Seat cushions for back pain are typically available in two shapes: a flat cushion and a contoured U-shaped cushion, sometimes called a coccyx seat cushion. For back pain, Dr. Wu recommends selecting a contoured cushion since a flat cushion provides only a softer sitting surface, while a contoured one also "helps maintain a good posture and relieves the pressure in the tailbone area."
Cushions come in a few different materials, and it’s worth considering which might best suit your needs. Memory foam and gel are the two most common options, and are sometimes combined.
Memory foam: Memory foam is a good material for a seat cushion because it contours to your body, Dr. Wu explained. Robert A. Hayden, DC, PhD, FICC, told Bustle that memory foam seat cushions are one of his favorites, but that the material also has some drawbacks. "The downside might be that when they have some age on them, memory foam seat cushions may sag like a mattress might," he explained. Memory foam cushions also tend to trap heat, so they can quickly get warm.

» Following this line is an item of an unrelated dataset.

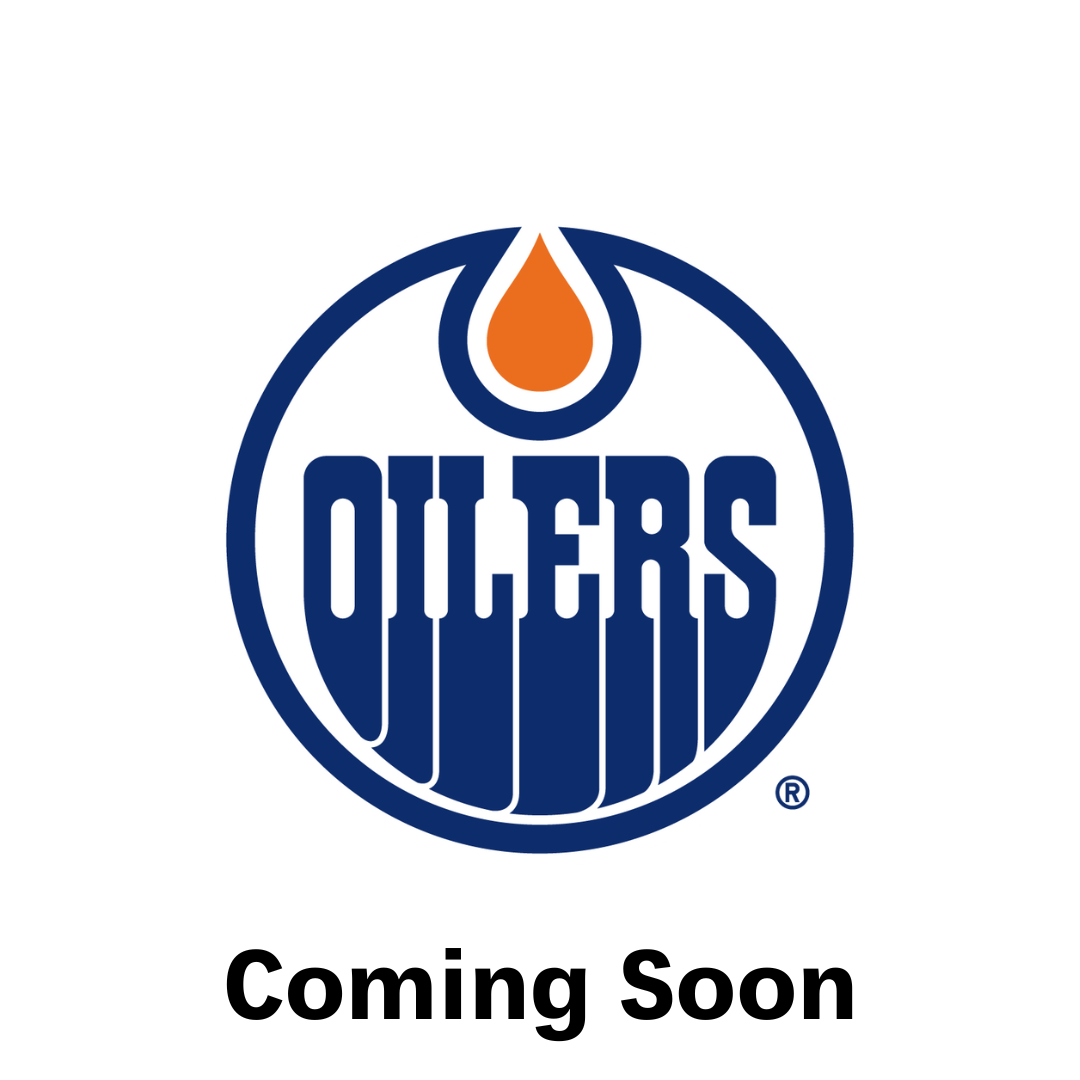 Edmonton Oilers Pickleball Paddle Cover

Gel: Seat cushions made from gel boast many positive features. "Gel seat cushions stay cooler, are durable, lightweight, and can be cleaned easily," explained Dr. Wu. Gel and memory foam have different textures, though both mold to the shape of your body while you sit, so it ultimately comes down to choosing the material that feels best to you.
Before selecting a seat cushion, you'll also want to consider how thick you'd like your cushion to be. Cushion thickness typically ranges between 1 and 4 inches. Thicker cushions might seem luxurious, but there’s something to be said for thinner cushions, too. Dr. Hayden pointed out that "if the cushion is too thick, it may push you to the edge of the seat or actually cause misalignment of spinal segments." That said, all bodies are different, and a thicker cushion might be right for some people.